Back in the day, it wasn’t home teaching, but rather “ward teaching.” The ward teachers brought standardized messages to the families they visited–statements of policy or exhortations published in church magazines–and they carried standard report books.
In the wake of the Correlation program, President McKay and his counselors revamped the old ward teaching program, which starting in 1964 was now called “priesthood home teaching” (or just “home teaching” for short). Among other changes, no longer were the visits to center on the delivering of standard messages; rather, they would return to the original scriptural precepts of “watching over the church and being with them always.” President McKay was overjoyed at the prospects of the new work, calling it “not only a wonderful step forward but a bound forward” for the church.
A typical exhortation from this period for how to teach one’s families focused on following the Spirit: “And they should be impressed with the importance of seeking for the Spirit of God to rest upon them in power, to dictate to them the very things that should be said to the family which they visit. The teachings, which might be appropriate to one family, and the very instruction which they might need, would not perhaps be so suitable for another family. Therefore, the necessity of having the guidance of the Spirit of God is apparent.” (Messages of the First Presidency 3:112)
That was the ideal, anyway. But the home teachers were used to not having to think too much about what to present to the family. They missed having those uniform messages in their hip pockets to use as ready-made lessons. So in 1980, President Benson circulated a letter suggesting that the First Presidency message from the Ensign “be considered” for use as a monthly home teaching message. In theory you were still supposed to prayerfully craft a message tailored to each family, but that message might be any First Presidency message (the letter explicitly indicated that they weren’t out of date if presented later). Over time, of course, this has gone from a suggestion to a sort of de facto semi-requirement.

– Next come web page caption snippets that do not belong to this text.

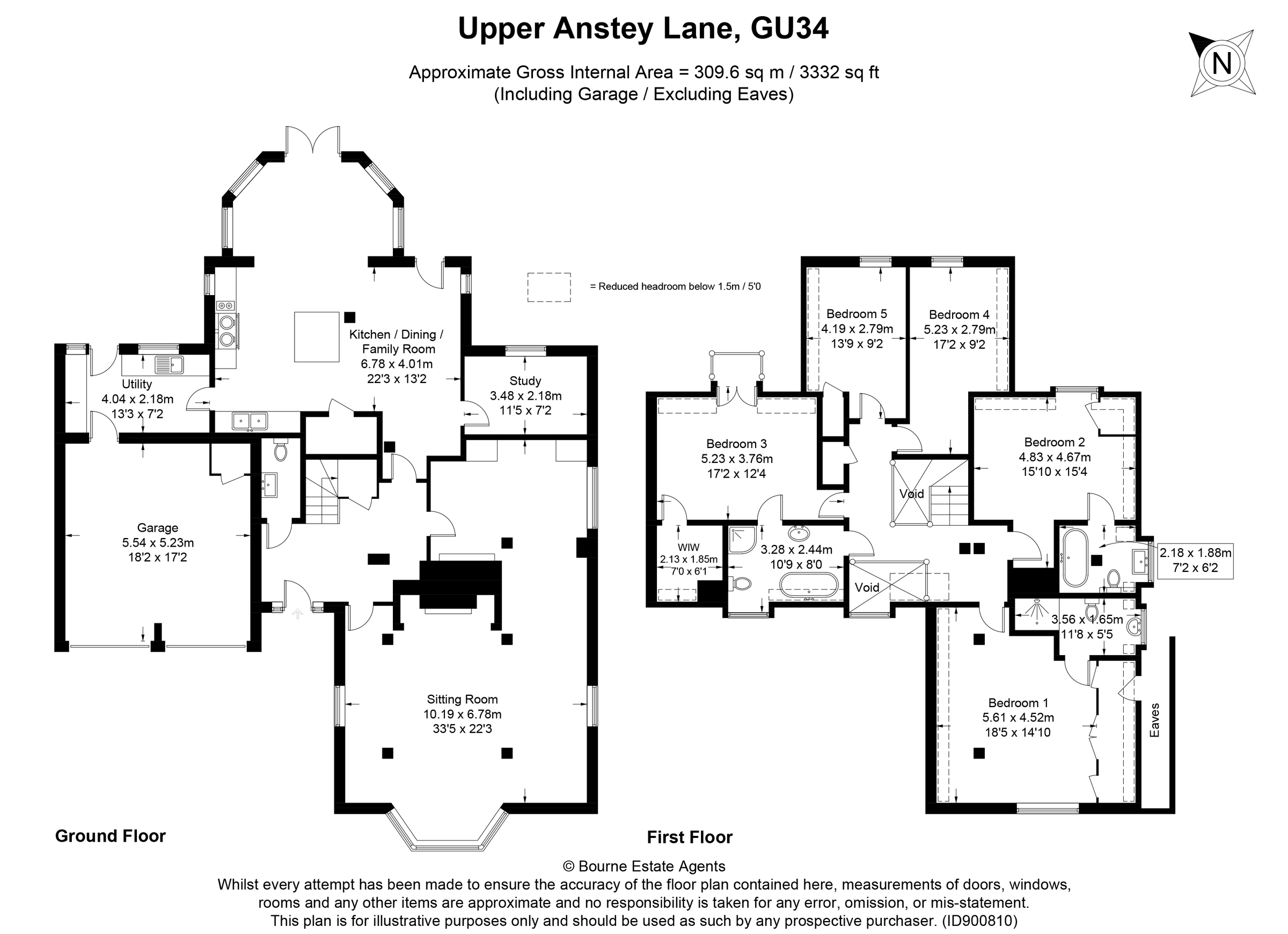 5 bed detached house for sale in Upper Anstey Lane, Shalden Parish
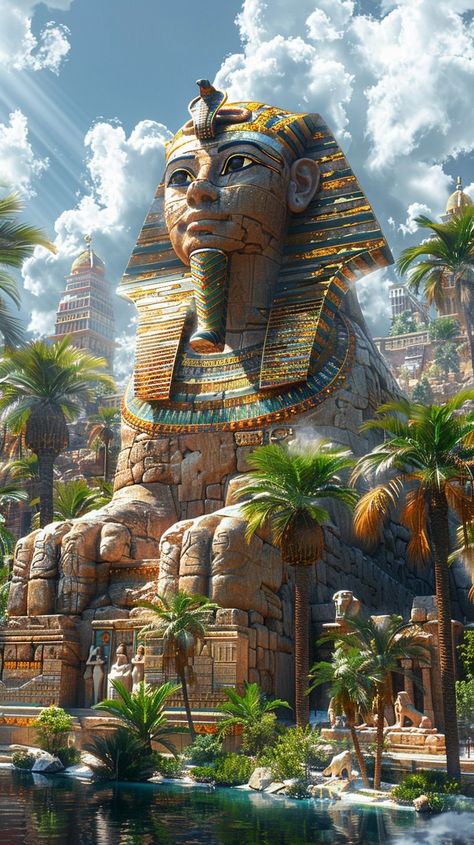 Egyptian Wallpaper, Egyptian Landscape, Egypt Wallpaper, Ancient Egyptian Cities, Starověký Egypt, Egypt Concept Art, Pyramids Egypt, Luxor Temple, Ancient Egypt Art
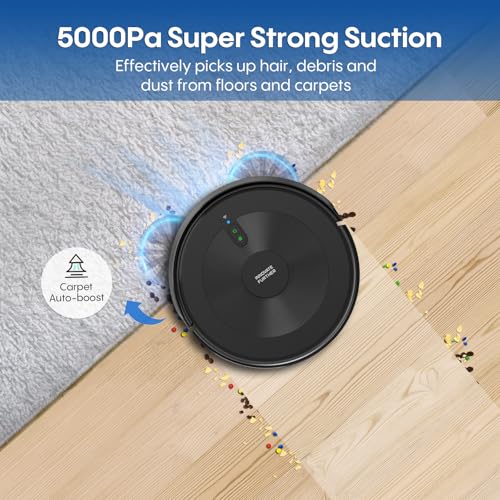 Image of Robot Vacuum and Mop:5000Pa 3-in-1 Robotic Vacuum with Intelligent Navigation, Alexa & APP Control, Schedule Cleaning, Robotic Vacuum Cleaner Ideal for Pet Hair, Hard Floor, Carpet, Slim and Quiet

So we went from ward teaching with its uniform monthly messages, to the institution of priesthood home teaching, which did away with such uniform messages–and that cessation was seen as a great leap forward. But the ideal of HTers following the Spirit and tailoring their visits to each family was harder to implement in practice than expected. Originally the use of First Presidency messages for lesson fodder was suggested as a sort of crutch for those who kind of lazily wanted to be told what to teach and not have to take responsibility for crafting their own messages for the specific needs of their families. But that which originated as merely a crutch for the lazy eventually became the preferred model.